What information should be placed in box 2?
(A) 9:00 P.M.
(B) 900 hours
(C) 2100 hours
(D) 9 A.M. appx.
The correct answer is C because the directions state that all time should be noted in military time.
Verbal, Reading, or Written Comprehension
Questions in this ability area are designed to assess how well you understand language. There are two question formats that are designed to test this ability: applying learned information and understanding information. Both begin by requiring you to read a long passage of information, typically one-half page to a page and one-half. The information relates to law enforcement.
Applying Learned Information
In this testing format, after you finish reading the passage provided, you are asked a few questions requiring you to apply the information to a specific scenario. For example, you will read a passage about departmental arrest procedures and then read a short scenario about an arrest. Then you will be asked to evaluate the arrest described in the scenario using the information learned from the preceding reading passage.

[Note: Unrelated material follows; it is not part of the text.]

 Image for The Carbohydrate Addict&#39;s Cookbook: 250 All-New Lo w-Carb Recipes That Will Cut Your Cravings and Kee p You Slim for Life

The best approach to these questions is to read the questions first and then go back and read the passage. That way you will be looking for the information you need as you read. Then, review the first question and seek the correct answer in the passage. There will be a huge amount of information, but most of it will not be necessary to answer the question.
In this testing format, you will read a long passage filled with details. The questions will require you to recall those details and then recognize that same information when it is presented using slightly different words. For example, after you read a passage about a robbery, the questions may require you to recognize what level of disorder is described in the passage, for example, if the robbers searched for something specific, took everything of value, or took a single item and left.